How do we save a capitalism that doesn’t just cater to oligarchs like a Putin, or even China’s President Xi--who want capitalism that won’t allow dissent, and therefore the innovation necessary to nurture new ideas and inventions?
Senator Elizabeth Warren has thought out many new ways to make capitalism work for the many, and so democracy. The first step is to take back some of that wealth to strengthen the social fabric that was siphoned off to the wealthiest via lower taxes and deregulation causing many industries to become monopsonies—i.e., overly concentrated so they can control their markets, weaken social programs and employees’ bargaining power.
Warren would pay for her programs with a 3% wealth tax on fortunes over $1 billion, and 2 percent on fortunes between $50 million and $1 billion. According to University of California-Berkeley economists, it would raise about $2.75 billion over its first 10 years, all from taxpayers that the
Massachusetts senator argues have benefitted too much from a generation of tax-cutting that slashed top federal tax rates almost in half and corporate tax rates by 40 percent, accompanying a surge in inequality in both before-tax and after-tax income.
Other candidates like Senator Kamala Harris and Bernie advocate a return to the 70 percent income tax rate on the highest income earners, and an outright breakup of those corporations literally too big to fail; should we have another Great Recession.
How do these proposals benefit modern capitalism so that it benefits the many, rather than the few? Studies show that without public works programs, labor productivity declines, since not upgrading such as infrastructure slows transportation of goods and services. Reducing public health care and environmental protection sickens more people thus reducing work times. Reducing public educational programs and government R&D reduces overall literacy and scientific innovation, period.
There is good news on that front, as I have noted in past columns. Modern capitalism with its checks and balances has enabled the growth of prosperous middle classes at the heart of liberal democracies. No other economic system is able to produce the quantity of goods and services required for a healthy liberal democracy.
The club of rich democracies is not easy to join, per a recent piece in the Economist, but those who get in tend to stay there. Since the dawn of industrialisation, no advanced capitalist democracy has fallen out of the ranks of high-income countries or regressed permanently into authoritarianism.

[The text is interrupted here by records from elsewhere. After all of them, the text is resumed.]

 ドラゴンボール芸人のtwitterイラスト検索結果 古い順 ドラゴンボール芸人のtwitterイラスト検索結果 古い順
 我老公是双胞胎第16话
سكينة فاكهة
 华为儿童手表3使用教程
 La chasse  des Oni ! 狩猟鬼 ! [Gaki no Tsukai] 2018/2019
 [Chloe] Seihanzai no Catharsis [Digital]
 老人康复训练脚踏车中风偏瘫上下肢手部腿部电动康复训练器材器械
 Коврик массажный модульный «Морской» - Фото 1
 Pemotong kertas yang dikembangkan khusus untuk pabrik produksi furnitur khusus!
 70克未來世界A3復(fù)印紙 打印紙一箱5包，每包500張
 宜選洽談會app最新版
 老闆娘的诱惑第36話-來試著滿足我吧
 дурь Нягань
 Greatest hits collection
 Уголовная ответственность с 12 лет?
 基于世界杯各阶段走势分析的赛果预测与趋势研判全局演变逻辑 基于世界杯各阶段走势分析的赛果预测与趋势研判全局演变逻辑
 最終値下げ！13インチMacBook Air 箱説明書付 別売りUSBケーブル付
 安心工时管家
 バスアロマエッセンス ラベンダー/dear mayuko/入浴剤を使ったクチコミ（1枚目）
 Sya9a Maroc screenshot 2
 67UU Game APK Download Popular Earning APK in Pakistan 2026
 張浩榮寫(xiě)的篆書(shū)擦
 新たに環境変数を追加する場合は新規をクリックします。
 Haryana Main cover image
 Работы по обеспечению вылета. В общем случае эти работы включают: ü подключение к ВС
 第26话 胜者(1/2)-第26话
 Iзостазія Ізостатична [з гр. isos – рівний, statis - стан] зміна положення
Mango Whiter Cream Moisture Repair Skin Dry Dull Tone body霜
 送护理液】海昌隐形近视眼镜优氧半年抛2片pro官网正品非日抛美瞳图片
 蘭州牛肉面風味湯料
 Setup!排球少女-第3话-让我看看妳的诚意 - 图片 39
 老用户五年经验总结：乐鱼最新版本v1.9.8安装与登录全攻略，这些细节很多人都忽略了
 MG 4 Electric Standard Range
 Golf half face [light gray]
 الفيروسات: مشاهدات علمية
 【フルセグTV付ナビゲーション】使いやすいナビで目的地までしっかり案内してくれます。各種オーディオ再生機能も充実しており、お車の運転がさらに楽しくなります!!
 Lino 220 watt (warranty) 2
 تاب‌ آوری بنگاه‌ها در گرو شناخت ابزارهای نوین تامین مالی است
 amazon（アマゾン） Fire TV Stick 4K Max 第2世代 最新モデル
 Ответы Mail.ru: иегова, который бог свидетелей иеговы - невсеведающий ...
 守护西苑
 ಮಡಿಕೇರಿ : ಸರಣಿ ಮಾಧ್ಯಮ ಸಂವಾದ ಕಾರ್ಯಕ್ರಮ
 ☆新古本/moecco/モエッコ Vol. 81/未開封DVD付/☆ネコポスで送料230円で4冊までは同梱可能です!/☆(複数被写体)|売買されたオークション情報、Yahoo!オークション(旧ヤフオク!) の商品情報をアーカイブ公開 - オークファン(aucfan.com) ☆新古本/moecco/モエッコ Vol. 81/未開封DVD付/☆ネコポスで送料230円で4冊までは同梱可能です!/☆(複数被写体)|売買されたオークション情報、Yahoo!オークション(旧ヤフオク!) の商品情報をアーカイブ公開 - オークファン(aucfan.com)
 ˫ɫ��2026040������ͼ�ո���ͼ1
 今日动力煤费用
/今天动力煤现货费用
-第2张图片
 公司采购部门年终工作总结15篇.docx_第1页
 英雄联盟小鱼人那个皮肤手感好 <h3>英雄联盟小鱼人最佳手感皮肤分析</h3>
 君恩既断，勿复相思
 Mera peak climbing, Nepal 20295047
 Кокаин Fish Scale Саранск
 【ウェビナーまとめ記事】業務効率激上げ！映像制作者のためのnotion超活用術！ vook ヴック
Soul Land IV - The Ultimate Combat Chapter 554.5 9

This is not a coincidence, say Torben Iversen of Harvard University and David Soskice of the London School of Economics in their recent book, “Democracy and Prosperity”. Rather, they write, in advanced economies democracy and capitalism tend to reinforce each other, as I’ve been saying. It is a reassuring message, but one that will face severe tests in years to come.
In other words, taking government out of modern capitalism makes modern democracies weaker and more vulnerable to predictions from those who fear democracy, like Putin.